Strapping outfielder Joe Medwick starred for the "Gas House Gang" St. Louis Cardinals of the 1930s and the daffy Brooklyn Dodgers of the early 1940s, supplying power to the middle of their lineups. He won the National League's Most Valuable Player Award in 1937 when he captured the triple crown with a .374 average, 31 homers and 154 RBI. He drove in and scored 100 runs in a season six times and posted a .324 career batting average in 17 seasons. He was elected to the Hall of Fame in 1968.

Unform Number

#28 (1932), #7 (1933-1940, 1943), #77 (1940-1941 Dodgers), #6 (1941-1942), #19 (1943), #3 (1944-1945 Giants, 1945 Braves), #5 (1945 Braves), #16 (1946), #21 (1947-1948), #12 (1948)

Replaced By

The younger players who returned from service in World War II.

Best Season

He was named National League Most Valuable Player when he won the triple crown and set career-highs in batting, slugging, homers, RBI, hits, OBP and total bases. On June 5, he hit a home run against the Phillies in a game hounded by rain clouds. Trailing the game, the Phillies successfully employed stall tactics as the rain increased, resulting in the game being halted and eventually cancelled. Since it had not become official, Medwick's homer was not recorded in the official stats. At the end of the season he finished in a tie with Mel Ott for the NL homer lead.

Factoid 1

Joe Medwick's 64 doubles in 1936 tied George Burns' record for the most ever hit by a right-handed batter.

Transition

June 12, 1940: Traded by the St.

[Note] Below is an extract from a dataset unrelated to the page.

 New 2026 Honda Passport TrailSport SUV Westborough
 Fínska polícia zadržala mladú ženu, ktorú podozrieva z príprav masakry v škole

Louis Cardinals with Curt Davis to the Brooklyn Dodgers for Ernie Koy, Carl Doyle, Sam Nahem, Bert Haas, and $125000 cash; July 6, 1943: Purchased by the New York Giants from the Brooklyn Dodgers; June 16, 1945: Traded by the New York Giants with Ewald Pyle to the Boston Braves for Clyde Kluttz; February 8, 1946: Released by the Boston Braves; April 5, 1946: Released by the St. Louis Browns; July 2, 1946: Signed as a Free Agent with the Brooklyn Dodgers; October 9, 1946: Released by the Brooklyn Dodgers; December 11, 1946: Signed as a Free Agent with the New York Yankees; April 29, 1947: Released by the New York Yankees; May 26, 1947: Signed as a Free Agent with the St. Louis Cardinals; October 14, 1947: Released by the St. Louis Cardinals; September 30, 1948: Released by the St. Louis Cardinals.

Strengths

Extra-base power.

Weaknesses

Speed

Description

Joe Medwick was opinionated and outspoken. It might be tempting to say that he grew sour in old age, but he was actually quite cantankerous throughout his adult life. Medwick assumed the role of bitter old baseball player late in life. In 1963, 15 years after his last game, he was upset that he had yet to be inducted to the Hall of Fame. "The young writers, they ought to do more homework," he said. On the strike zone, which had been altered in 1963: "They are making a big deal out of that new strike zone," he snorted. "I never cared where the strike zone was. I wasn't looking to walk. Didn't make no difference to me, high or low, inside or outside. If I liked it, I'd take my riffle. And .324 ain't too bad." Medwick had never drew more than 45 walks in a season. Medwick was also upset that none of his former teammates, some of whom were still in baseball in some capacity in 1963, had ever offered him a job.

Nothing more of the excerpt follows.